Author: Jay Goldberg 2021/12/07

The numbers are a bit shocking: if successive Ontario governments had been just a little prudent with money, the province’s massive debt would be exactly zero.

Instead, Finance Minister Peter Bethlenfalvy announced a few weeks ago that Ontario’s government debt now exceeds $400 billion.

Rather than being the envy of other provinces, Ontario today is the most indebted sub-national unit in the entire world.

How exactly could Ontario have been debt-free? How did the province stray so far off course?

Many people in their golden years look back on a moment that represented a turning point in their lives.

For Ontario’s finances, the moment was the winter of 2005. That was the last time Ontario’s political leaders balanced the provincial budget.

In 2005-06, the McGuinty government, then still serving its first term, proposed that the province spend roughly $84 billion to cover the province’s expenses.

Had the McGuinty government, and its successors, simply increased government spending at the rate of inflation plus population growth annually between then and now, government spending this year would be $61 billion lower.

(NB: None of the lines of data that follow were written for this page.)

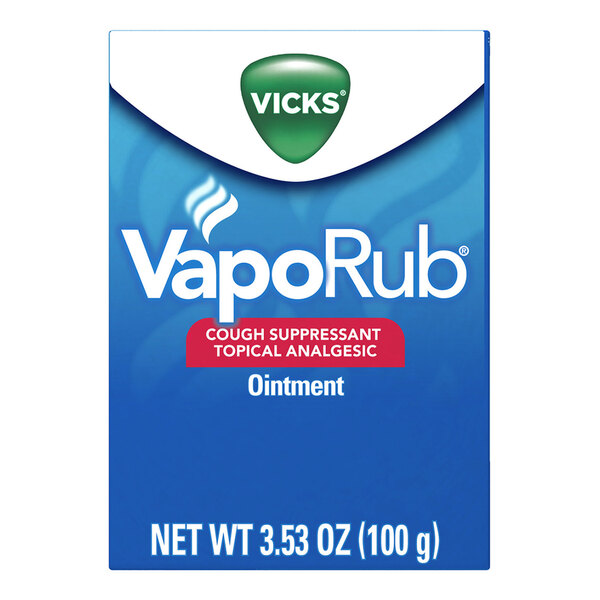 A 3.53 oz. container of Vicks VapoRub original cough suppressant and topical analgesic medicated ointment.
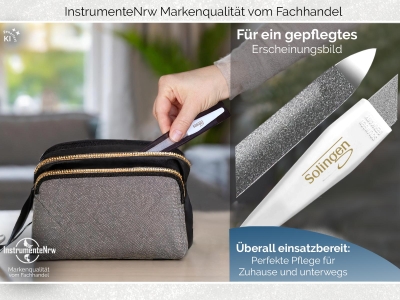 Nagelfeile Hohlfeile aus Solingen Manik�re Saphirnagelfeile Made in Germany Fein/Grob Pedik�re Feile Nagelpflege f�r H�nde und F��e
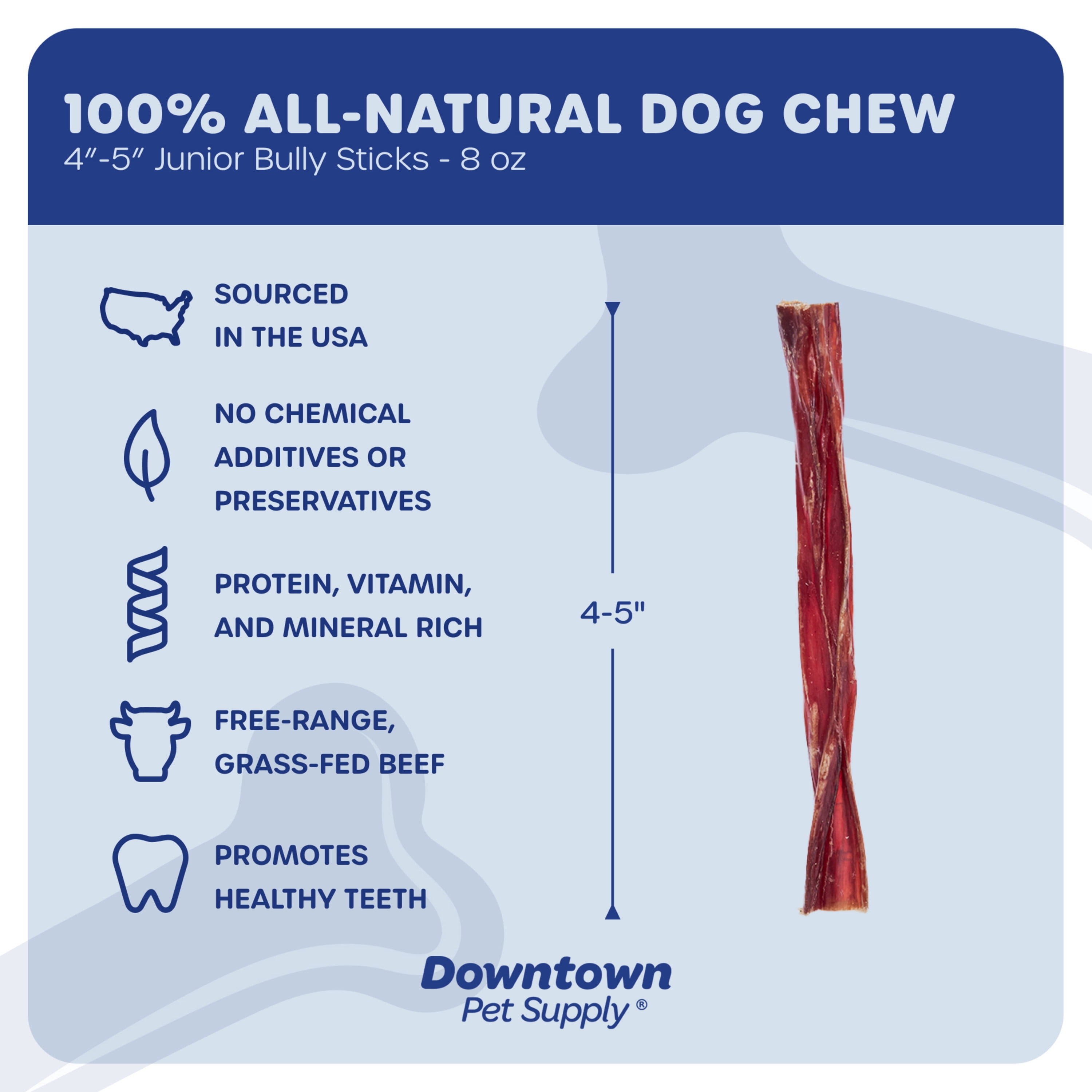 Downtown Pet Supply Bully Sticks For Dogs Rawhide Free Dog Chews 4-5", 0.5 lbs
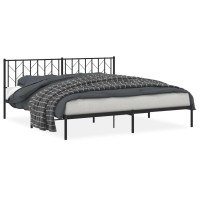 vidaXL Metal Bed Frame with Headboard Black 76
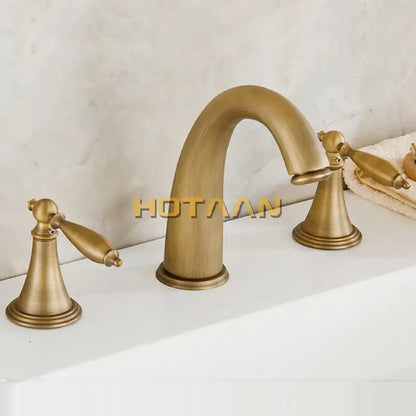 Antique brass bath mixer set with hand shower bathroom faucet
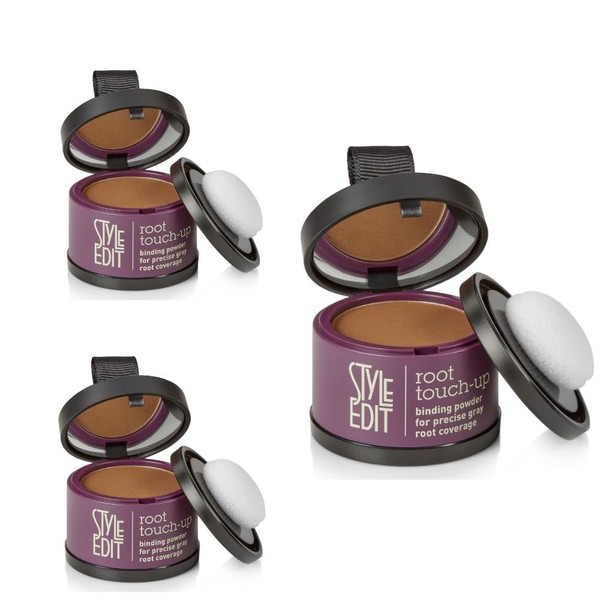Style Edit Root Touch Up Powder, to Cover Up Dark Roots and Grays Between Salon Visits, Water Resistant, Non-Sticky, Compact And Mess-Free, Medium Brown Hair Color (Pack of 3)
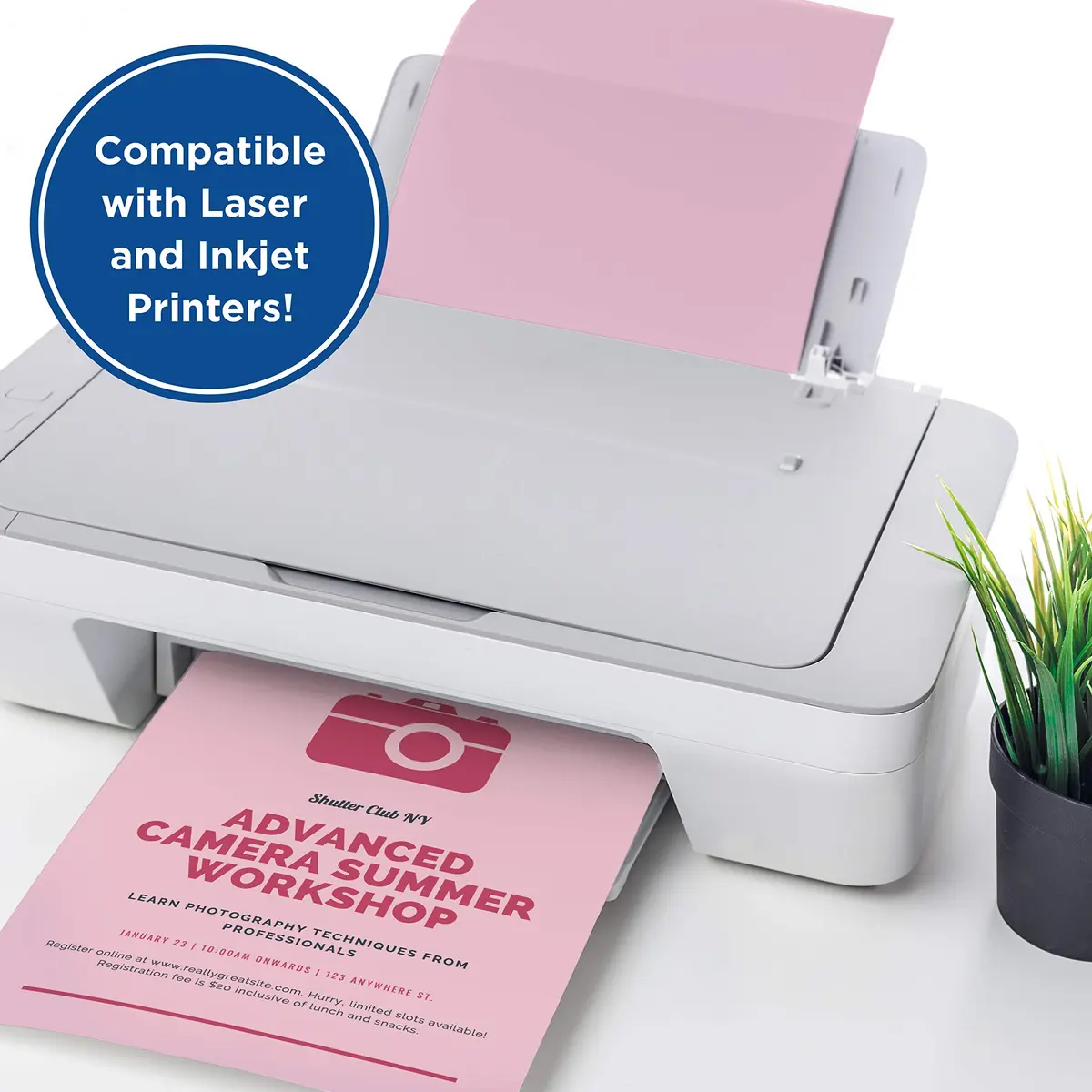 PrintWorks Pastel Paper 20 lb | 5 Assorted Pastel Colors | 100 Sheets 8.5 x 11 Inch | 30% Recycled - view 3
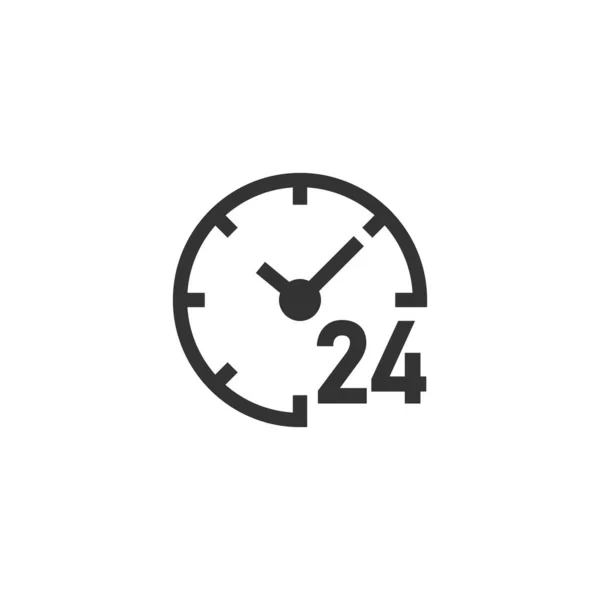 Relógio 24 / 7 ícone em estilo plano. Assista ilustração vetorial no whit —  Vetores de Stock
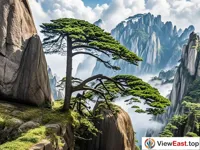 The iconic Guest-Greeting Pine of Huangshan welcomes visitors against the backdrop of the majestic Tiandu Peak.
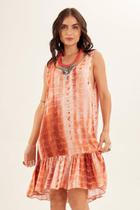 Vestido Regata Curto Marrom Tie Dye Estampa Digital Yacamim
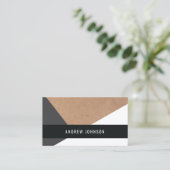 Matig gedrukt kraftpapier grijs wit geometrisch visitekaartje (Staand voorkant)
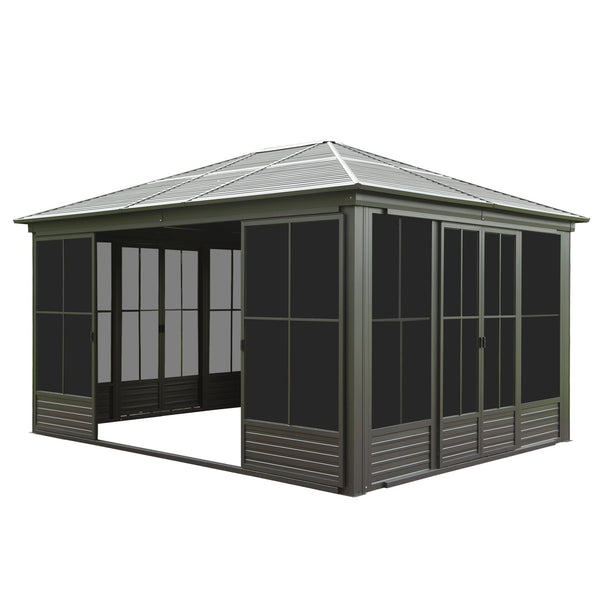 12x14 Galvanized Steel Hardtop Gazebo Sunroom with Sliding Screen Doors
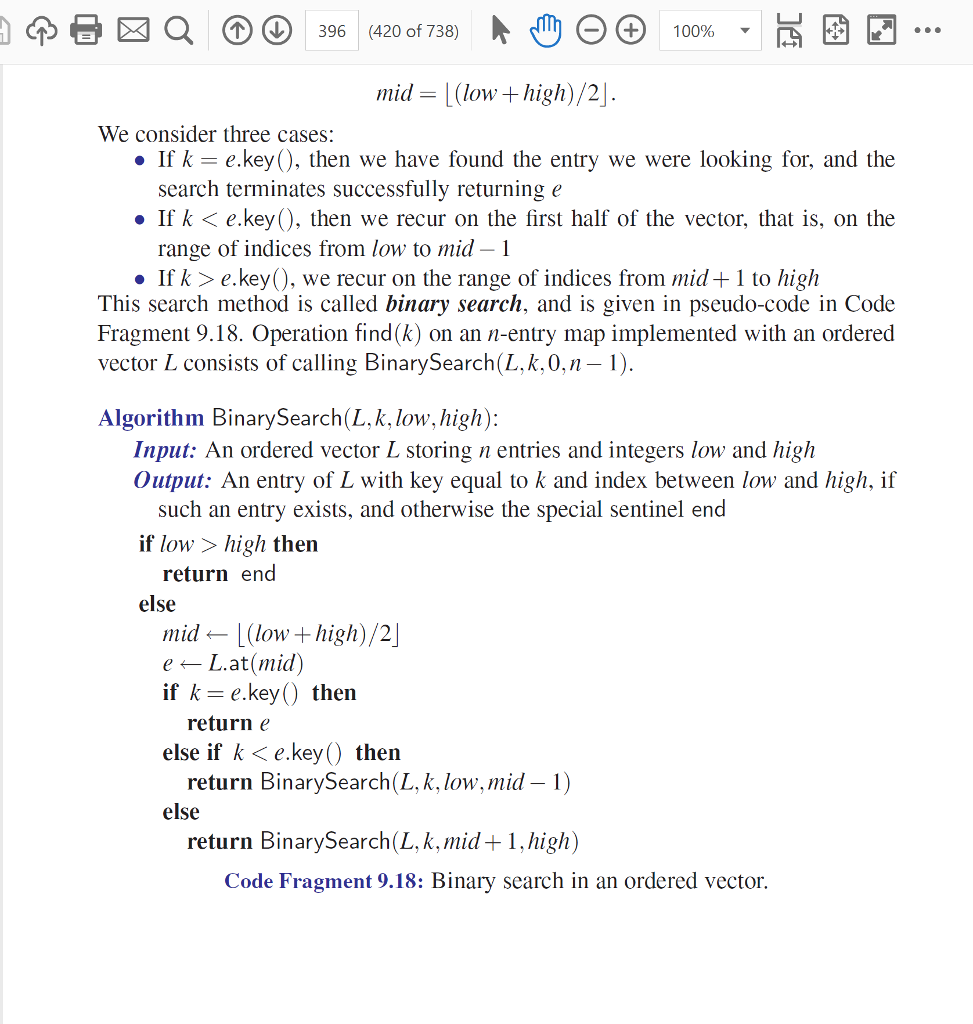 Write one C++ function for the Binary Search algorithm based on the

Compared to an inflation plus population growth baseline, Ontario governments have overspent over the past sixteen years to the tune of $429 billion. That’s $2 billion more than the provincial debt today.

Had Ontario followed this path, the province would be debt-free with a $2 billion rainy day fund.

Some might argue that keeping government spending in line with inflation plus population growth should be considered underspending.

But take the argument to the individual level.

Many Ontarians receive annual cost-of-living raises to keep up with inflation. They then spend that additional money to keep abreast of rising costs.

Government can, and should, operate the same way. As taxpayers earn and spend more money to keep pace with rising costs, the result is government revenue growth. The government should, in turn, increase spending at a similar rate, just as households do.

Increasing government spending at the rate of inflation plus population growth, therefore, is essentially maintaining government services at the status quo.

Are there many Ontarians out there who think that the quality of government services this year is $61 billion better than it was in 2005?

Rather than keeping government spending in line with inflation plus population growth, McGuinty, Wynne and Ford have increased spending over the past 16 years at an average rate of 8.5 per cent.

That means government spending today is higher than it was in 2005 by over 126 per cent.

What if the province had stuck to spending the money it actually had? Since 2006, revenues have gone up by a healthy 5.4 per cent every year. If the government contented itself with spending every penny, but resisted the urge to grab the credit card, the debt would be a quarter of a billion dollars lower.

The bottom line is that Ontario’s politicians have been on a 16-year spending binge. Taxpayers, and future generations, are paying the price.

With such massive government overspending, the Ford government should not reject spending cuts.

Ontario Premier Doug Ford continues to rule out spending cuts to help balance the province’s books.

But if Ontario ever wants to get back on a path toward fiscal sanity, prudent reductions in government spending needs to be on the table.

Three successive governments here in Ontario should be blamed for trading away a debt-free Ontario for $400 billion in government debt.

Ford can point out that much of the fault lies at the feet of his predecessors, and he wouldn’t be wrong.

But Ford is in the premier’s office today. If the province is to correct course, he needs to lead the charge.